It allows the VNRS efficiency for cumulative noise reduction at these points to be compared in a consistent manner.

3. Description of SST and Its Departure Noise Modeling

The study considers a next-generation SST configuration (Figure 3) with a maximum takeoff mass of 72 tons, powered by three engines with a bypass ratio of 2.5 at takeoff. It has a seating capacity of 20 passengers and is designed for a cruise speed of M = 1.8, a flight range of 7400 km, and a balanced field length of 3200 m. Its takeoff thrust-to-weight ratio is 0.52, takeoff wing load is 450 kgf/m², and the maximum lift-to-drag ratio of the aircraft at takeoff is L/D = 6.5 [30].

As has been noted in the Introduction, in this study, the modeling of aircraft noise involves decoupling of engine noise data determination from flight trajectory calculations. This is commonly performed for subsonic aircraft when the static acoustic test data are available for aircraft engines. At the moment, it seems that such data are absent for engines of next-generation SST, which makes the researchers, and the industry rely on the simulation results based on semi-empirical models of powerplant noise sources.
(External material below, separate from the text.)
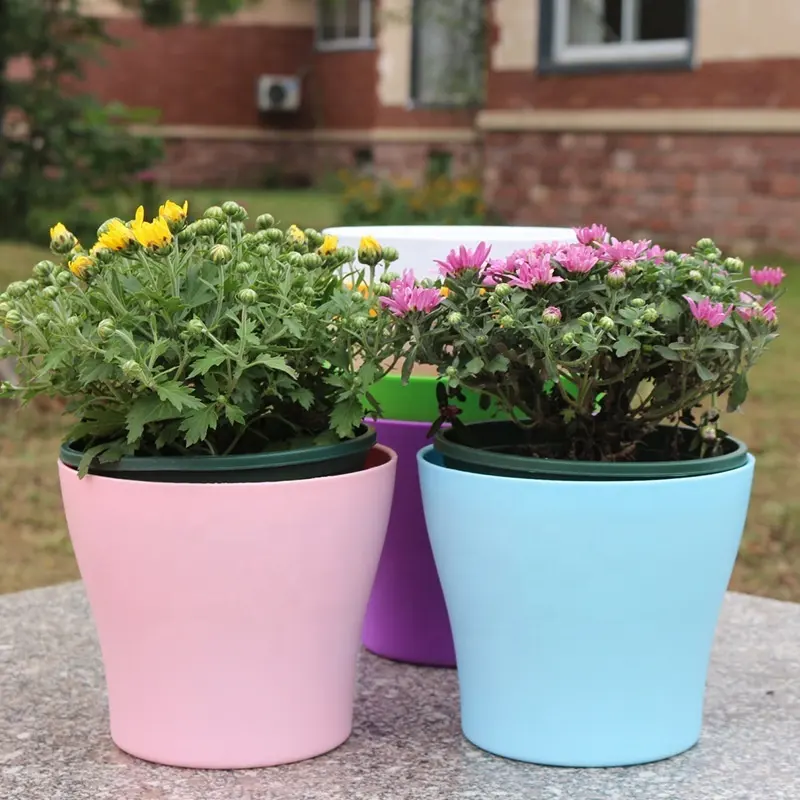 Pots en plastique de différentes tailles d'usine pour intérieur et extérieur en plastique de bonne qualité beaucoup de différentes couleurs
The SST configuration used in this study has been developed with a view to an existing subsonic donor engine (Figure 1b), which has the same bypass ratio of 2.5 and can produce the same thrust at takeoff that is required for the SST departure procedure. Indeed, it is likely that engines of future SST will be different from their subsonic analogs with the same thrust and bypass ratio. However, SST engines are still under development, and how their acoustic characteristics differ from the engines for subsonic aircraft is one of the uncertainties of the SST research. Since the objective of the study consists of the assessment of VNRS efficiency for noise reduction, and not in determining the compliance of the SST with Chapter 14 norms, it was deemed possible to use the experimental acoustic data of the subsonic engine for noise calculations of the SST at takeoff [27]. Such an approach ensures that all the noise sources of the engine are accounted for and allows the uncertainties associated with engine cycle modeling to be excluded from the analysis of VNRS efficiency.
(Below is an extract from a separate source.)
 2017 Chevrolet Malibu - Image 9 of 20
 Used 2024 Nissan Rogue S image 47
In general, noise modeling of the next-generation SST in this study is performed in such a manner as to minimize the uncertainties of noise calculation methods. For instance, although one engine of the next-generation SST is located above the fuselage, so that its noise can be shielded by the airframe, no correction for the shielding has been implemented. The under-the-wing engines of the next-generation SST have long inlets that can result in significant noise reduction, especially after acoustic liners are installed inside the inlet ducts. However, sound propagation in such long and curved ducts with impedance walls is not sufficiently understood at the moment, so no additional correction for this effect has been used as well. Such assumptions are intended to allow for isolating (decoupling) the effect of VNRS by engine thrust control from the effects of installed engine noise modeling.
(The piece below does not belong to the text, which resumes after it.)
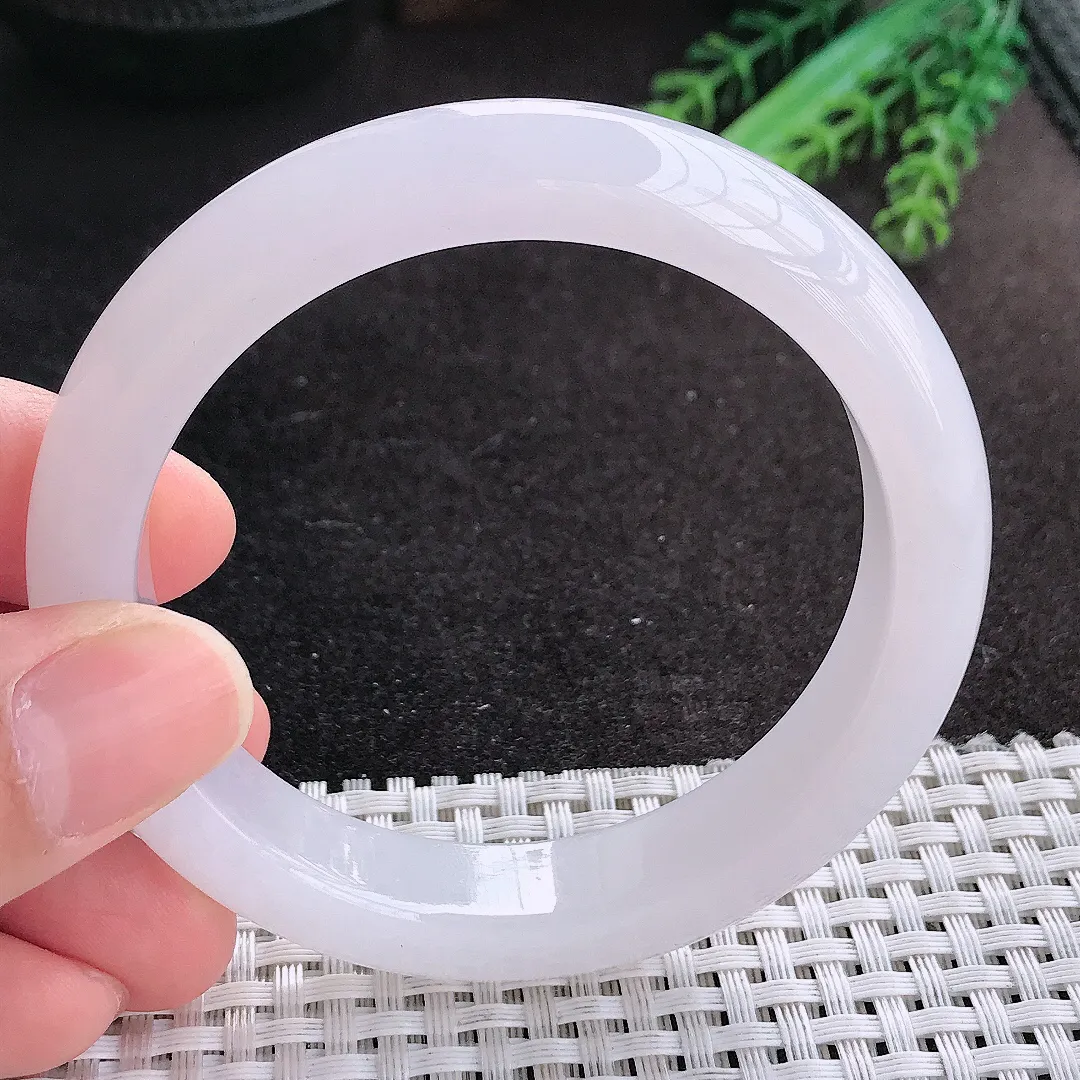 天然A货翡翠56.8/12.2/8.8老坑冰润水灵月光白手镯宽边玉镯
Airframe noise is considered an important noise source of subsonic aircraft at approach [32]. During takeoff, the contribution of airframe noise is small even for subsonic aircraft; the available estimates show that airframe noise of SST at takeoff is small as well [14,17,21]. In [21], it was obtained that the airframe noise of the SST is smaller than engine noise by 27.9 EPNdB at the lateral certification point K₂, and by 23.7 EPNdB at the flyover certification point K₁. Similarly, in [17] it was shown that the airframe noise is less than engine noise by 15 EPNdB and 25 EPNdB at the flyover and lateral certification points, respectively. Although the authors of [14] did not provide quantitative estimates of airframe noise, their calculations led to the conclusion that this noise source was insignificant compared to engine noise. Therefore, no attempt has been made to account for the effects of airframe noise during the certification departure procedure of the SST in this study.

On the other hand, the effects of noise propagation from the aircraft to the certification measurement points have to be rigorously simulated, because the implementation of VNRS for SST noise reduction to a large extent relies on and benefits from these effects, especially the effect of lateral attenuation discussed in Section 2. Therefore, noise propagation modeling includes spherical spreading, Doppler shift and convective amplification, atmospheric absorption (ISO 9613-1:1993) [33], lateral ground attenuation [34], and ground reflection [35]. It can be seen that the effects of ground reflection and lateral attenuation are calculated independently, which is a standard practice. Recently, a novel method was proposed in [36] to account for both these effects simultaneously. In appendices of [36], detailed descriptions of a ground reflection method and a lateral attenuation method are conveniently provided. However, the authors of the present study do not have previous experience in the implementation of the novel method, nor have they validated it in the experiments; therefore, it has been decided to perform the present study with the use of the standard calculation methods for ground reflection and lateral attenuation.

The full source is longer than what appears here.